Data excerpts ▸
______________________________
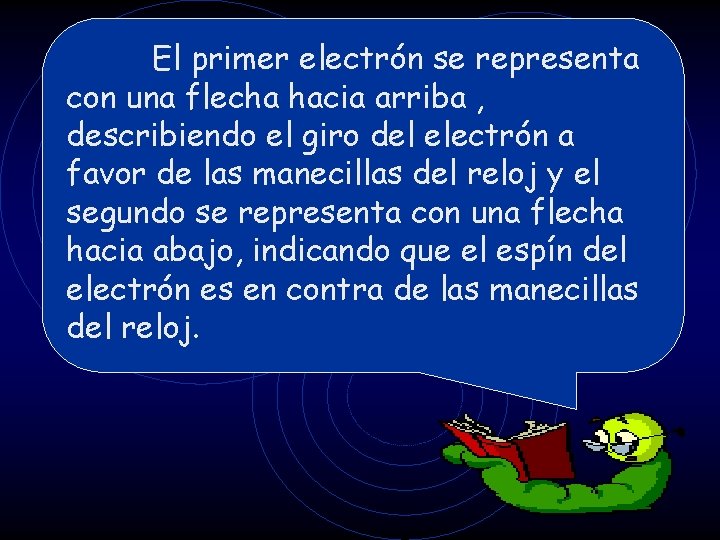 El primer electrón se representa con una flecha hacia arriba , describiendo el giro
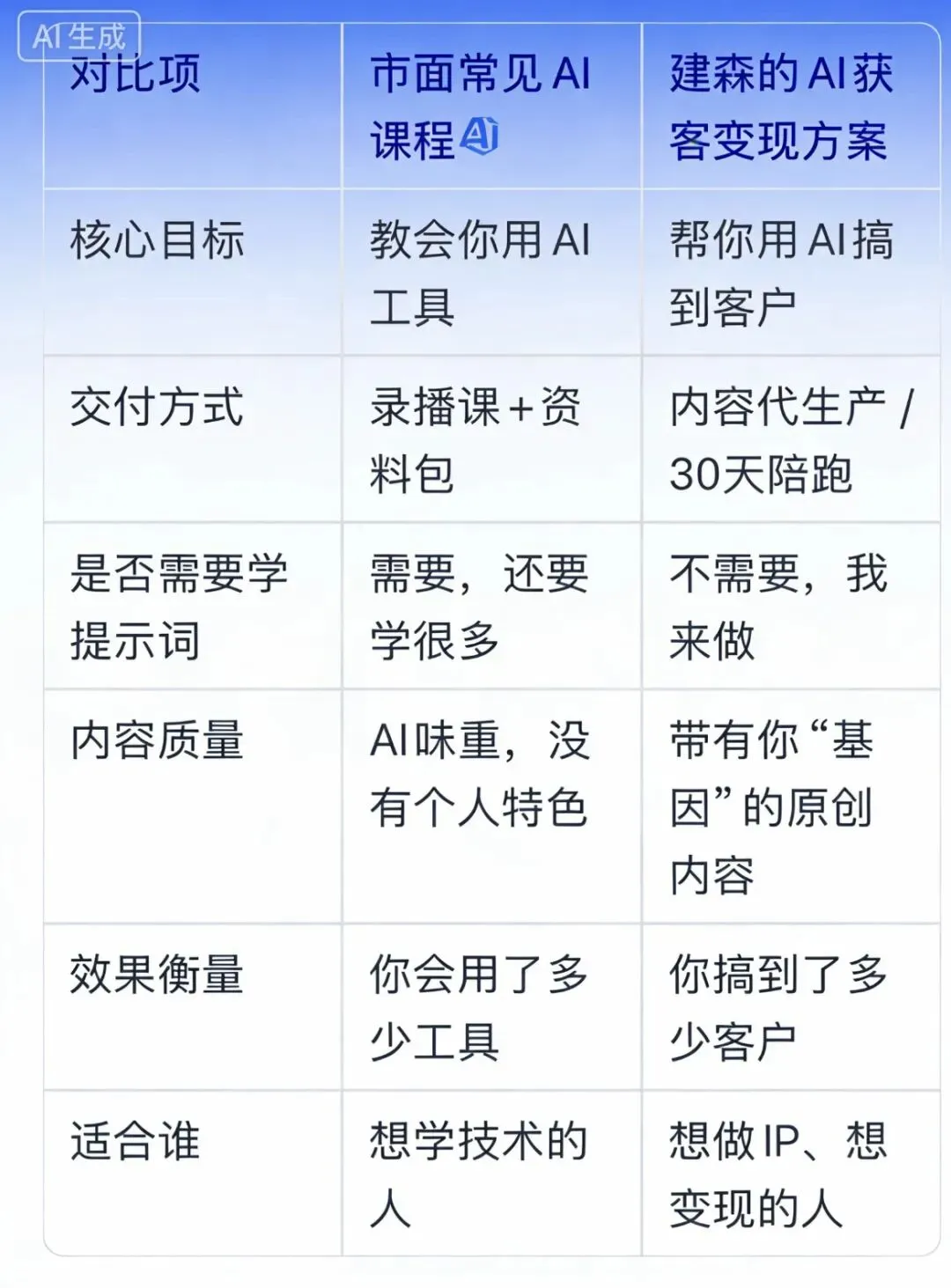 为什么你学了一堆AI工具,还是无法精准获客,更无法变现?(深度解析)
______________________________
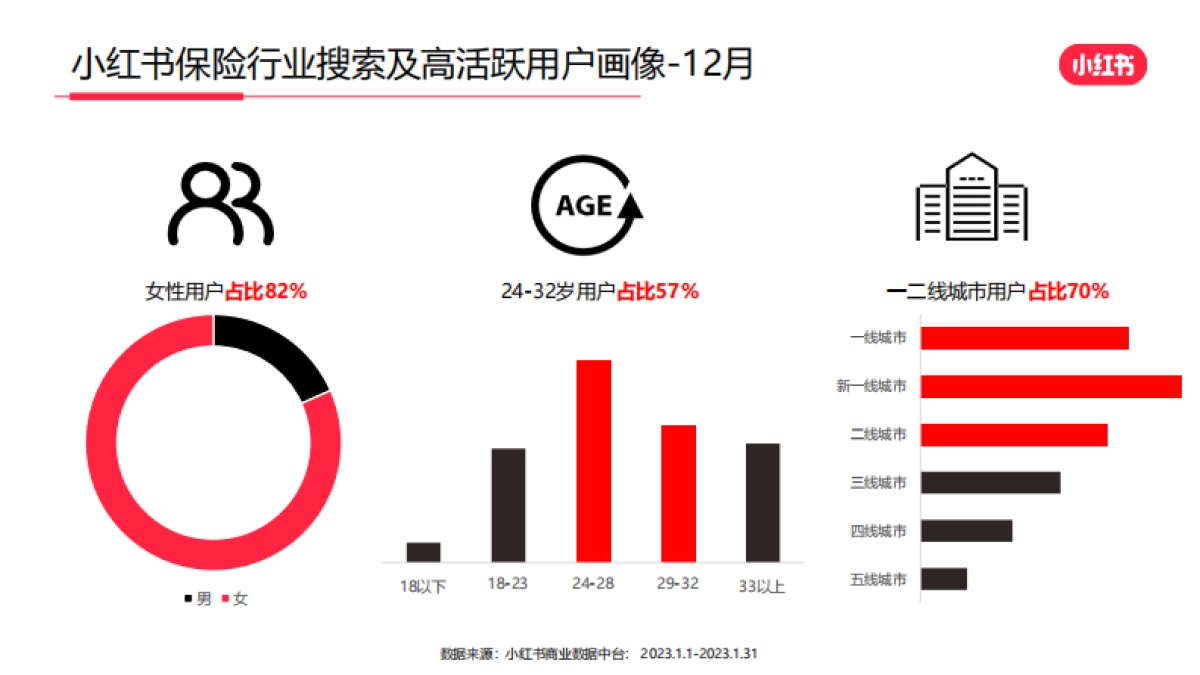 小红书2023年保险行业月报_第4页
______________________________
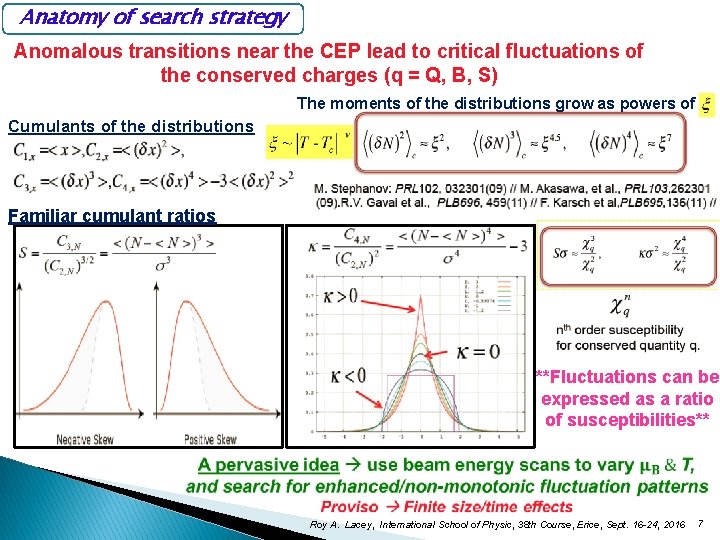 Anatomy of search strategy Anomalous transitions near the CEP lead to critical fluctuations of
______________________________
Task item ▸
From the listing above, restate verbatim the lines running from the one with "El primer electrón" through the one with "为什么你学了一堆AI工具,还是无法精准获客,更无法变现?(深度解析)", inclusive, but not the pictures.

Result below ▸
 El primer electrón se representa con una flecha hacia arriba , describiendo el giro
 为什么你学了一堆AI工具,还是无法精准获客,更无法变现?(深度解析)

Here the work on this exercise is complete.